もしかして自死してしまったのではないか、奥さまの後を追われてしまったのではないかなどと考えてしまいました。
そんな風に心配するのも、僕自身が妻を喪って以来、自殺願望に囚われているからです。
僕自身の気持ちを通して、佐藤様の気持ちを推し量った結果、そういう心配に至りました。
自殺願望というと言い過ぎかもしれません。
自殺したいという気持ちではなく、早く死にたい、一日でも早く妻のところに逝きたいと考えています。

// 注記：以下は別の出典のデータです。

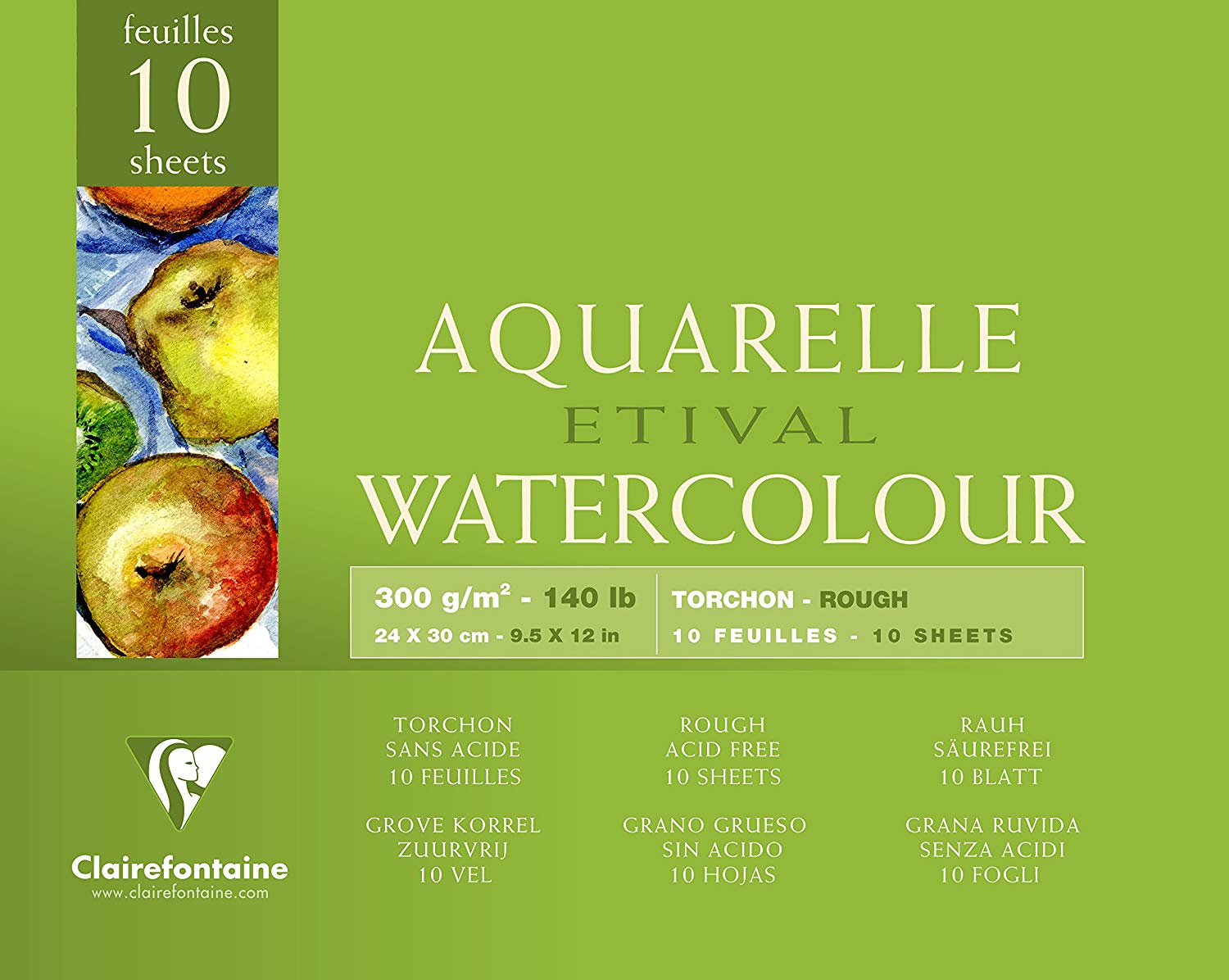 Clairefontaine - Ref 96561C - Etival Rough Grained Pad (10 Sheets) - 24 x 30cm Size, Acid Free, pH Neutral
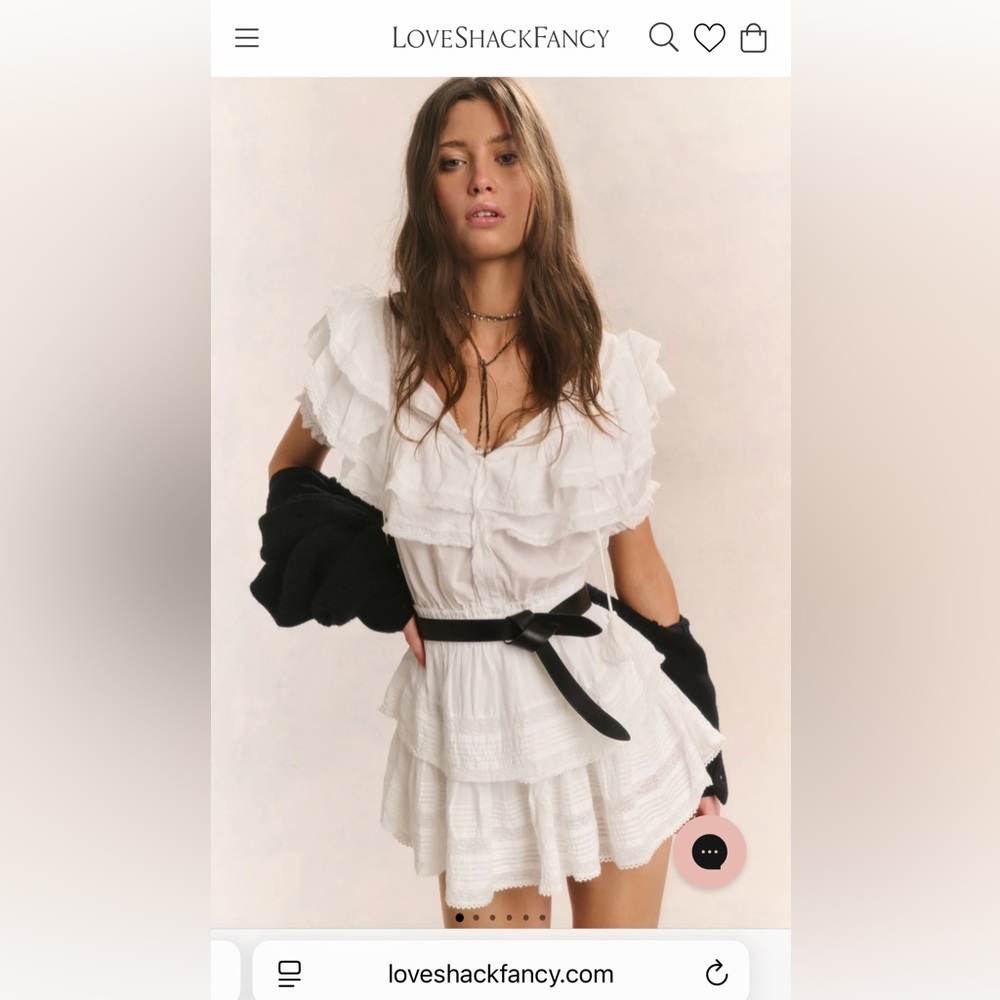 LoveShackFancy Liv Cotton Ruffled White Lace-Trimmed Heritage Dress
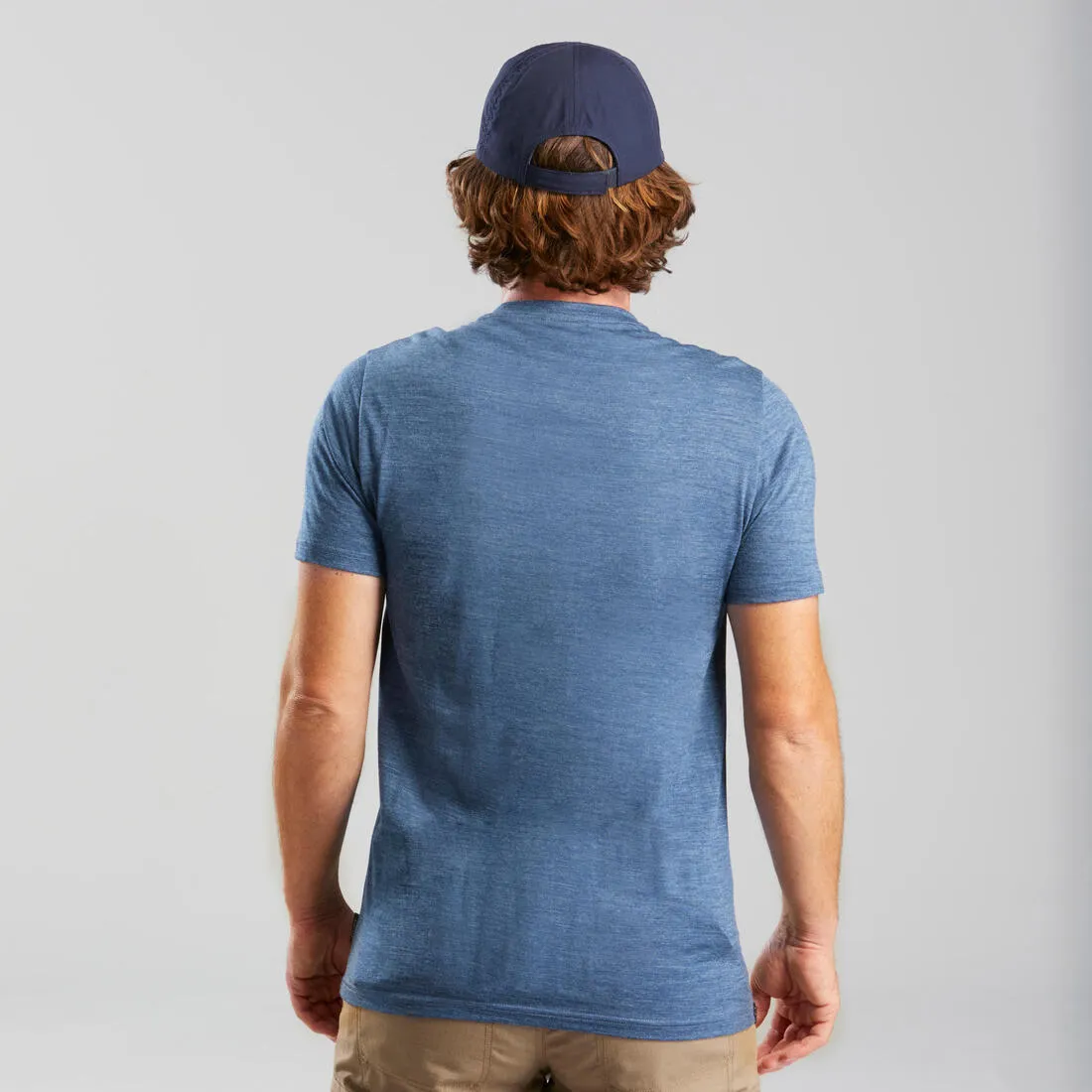 Men’s short-sleeved Merino wool hiking travel t-shirt - TRAVEL 500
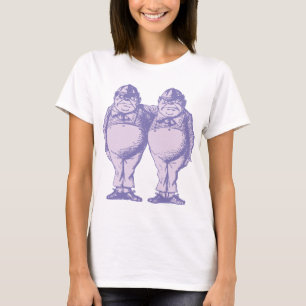 Tweedle Dee und Tweedle Dum mit Tinte geschwärzte T-Shirt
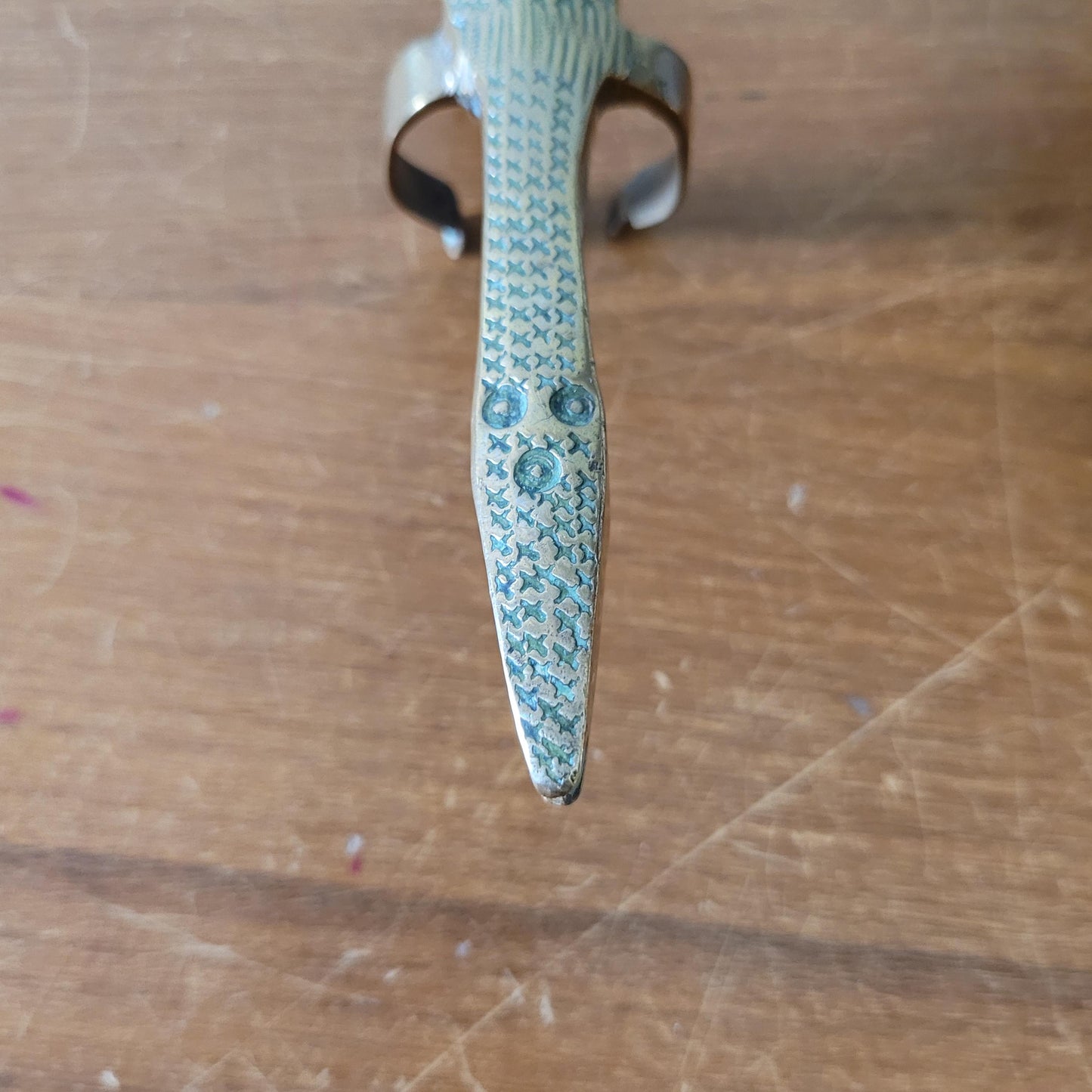 Unusual vintage tribal etched brass lizard ornament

自殺願望というより、希死念慮と言った方が適切でしょう。
何はともあれ、佐藤様が挽歌を更新されたことに安堵しました。
ヴィクトール・フランクルの「夜と霧」は、妻の生前から、僕の愛読書のひとつでした。
先日挽歌で取り上げていらっしゃった「それでも人生にイエスと言う」は、読んだことがありません。
今後も読む気にはなれません。
妻を亡くした僕には「それでも人生にイエスと言う」ことができないからです。
イエスと言えない余生をどうやってやり過ごして行ったらいいのか。
暗中模索の日々を送っています。
先の見えないトンネルに入りこんだかのようです。
投稿: ぷーちゃん | 2012/05/25 20:06
ぶーちゃん
ご心配をおかけしました。
私は、節子に会えただけでも、人生にイエスです。
ぶーちゃんも、きっとそうですよね。
しかし、にもかかわらず、別れが早すぎたことへの思いは複雑です。
その点は、私もぶーちゃんと思いが同じかもしれません。
まだまだ私も暗中模索感から抜け出せません。